Ciò è quanto concretamente avvenuto nel corso del successivo iter procedimentale, attraverso il recepimento delle prescrizioni regionali da parte della Provincia e di cui si dà atto nella nota congiunta Regione-Provincia in data 11.7.2011, con la quale si conferma la non necessità di tale parere proprio per effetto delle modifiche apportate alla proposta originaria di variante generale al PPAE.
Del resto, come ha correttamente evidenziato anche la ricorrente, in presenza delle criticità di cui all’art. 5 comma 10 del DPR n. 357/1997, il piano o l'intervento, di cui sia stata valutata l'incidenza negativa sul sito di importanza comunitaria, può comunque essere realizzato in presenza di esigenze connesse alla salute dell'uomo e alla sicurezza pubblica o ad esigenze di primaria importanza per l'ambiente, mentre il parere della Commissione europea è necessario solo qualora si intenda realizzarlo per altri motivi imperativi di rilevante interesse pubblico.

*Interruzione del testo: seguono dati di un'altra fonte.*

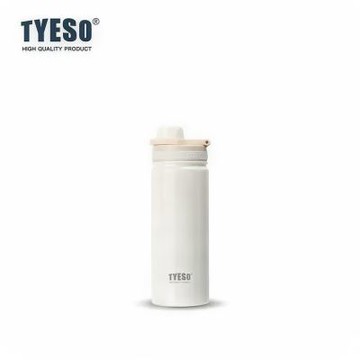 新款 TYESO 戶外運動水壺 600ml大容量保溫杯 防漏旋轉杯蓋附提手保溫杯 日式直款保溫杯 辦公休閒保溫杯 車載杯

Dove la Regione ha quindi errato, generando allarme nella ricorrente tanto da indurla alla proposizione dell’odierno gravame, è stato l’aver attivato immediatamente la richiesta di parere alla Commissione Europea tramite il Ministero dell’Ambiente, anziché attendere il recepimento delle proprie prescrizioni al fine di superare l’originario giudizio di incidenza negativa ovvero valutare la sussistenza degli altri presupposti di realizzabilità dell’intervento che prescindono dal citato parere.
La ricorrente non contesta la prospettata valutazione di incidenza negativa sul progetto iniziale di variante al PPAE. Tanto meno contesta, nel merito, le singole prescrizioni dettate dalla Regione per superare tale valutazione e rendere così non necessario il coinvolgimento della Commissione Europea.

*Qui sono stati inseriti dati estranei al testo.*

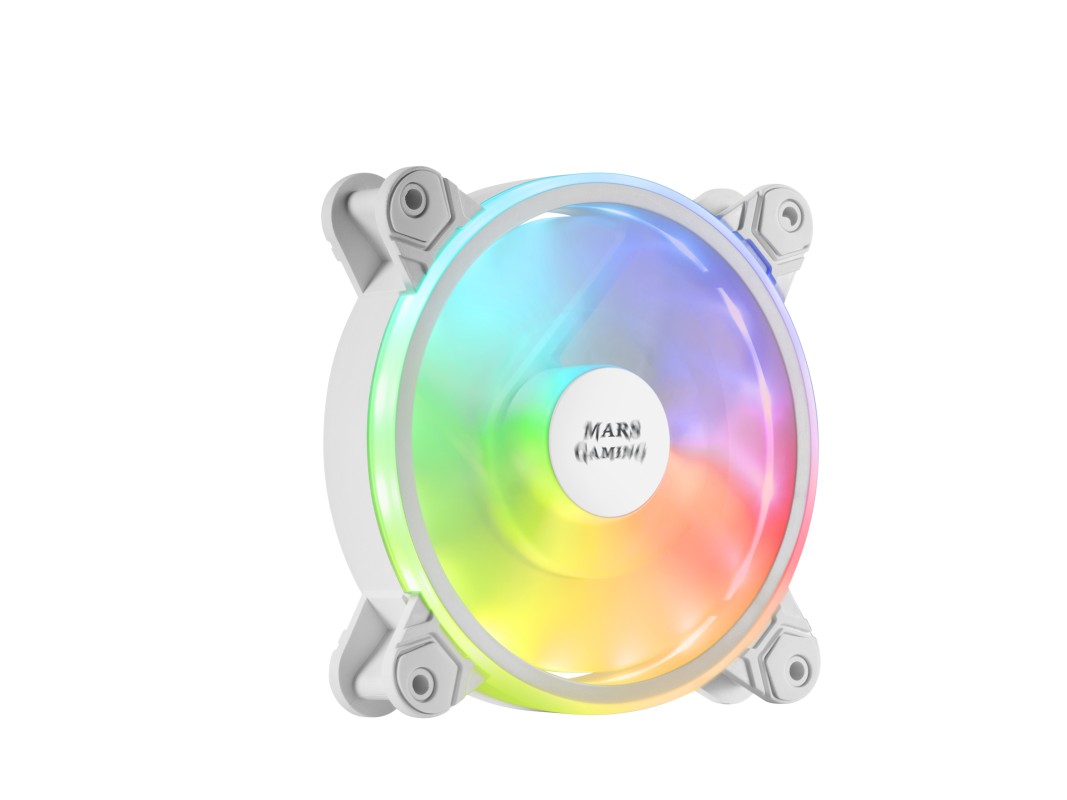 Mars Gaming MFX Carcasa del ordenador Enfriador 12 cm Blanco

Di conseguenza non sussiste interesse alla coltivazione del ricorso, poiché:
- la prescrizione impugnata (richiesta di parere) è rimasta inattuata per effetto dell’intervenuto recepimento delle altre prescrizioni regionali qui non oggetto di contestazione;
- queste ultime traggono origine da presupposti a loro volta non contestati, ovvero la prospettata valutazione di incidenza negativa espressa dalla Regione sulla proposta iniziale di variante generale al PPAE.
A ben guardare, ciò renderebbe altresì irrilevante l’esito dei motivi aggiunti proposti nei ricorsi nn. 5 e 6 del 2011, poiché rivolti avverso provvedimenti attuativi di determinazioni non contestate. Semmai si fosse resa necessaria l’acquisizione del parere della Commissione Europea, ciò sarebbe stato il frutto delle nuove determinazioni che le amministrazioni competenti avrebbero dovuto adottare qualora i citati ricorsi fossero stati accolti.
La complessità delle questioni trattate giustifica la compensazione integrale delle spese di giudizio fra le parti.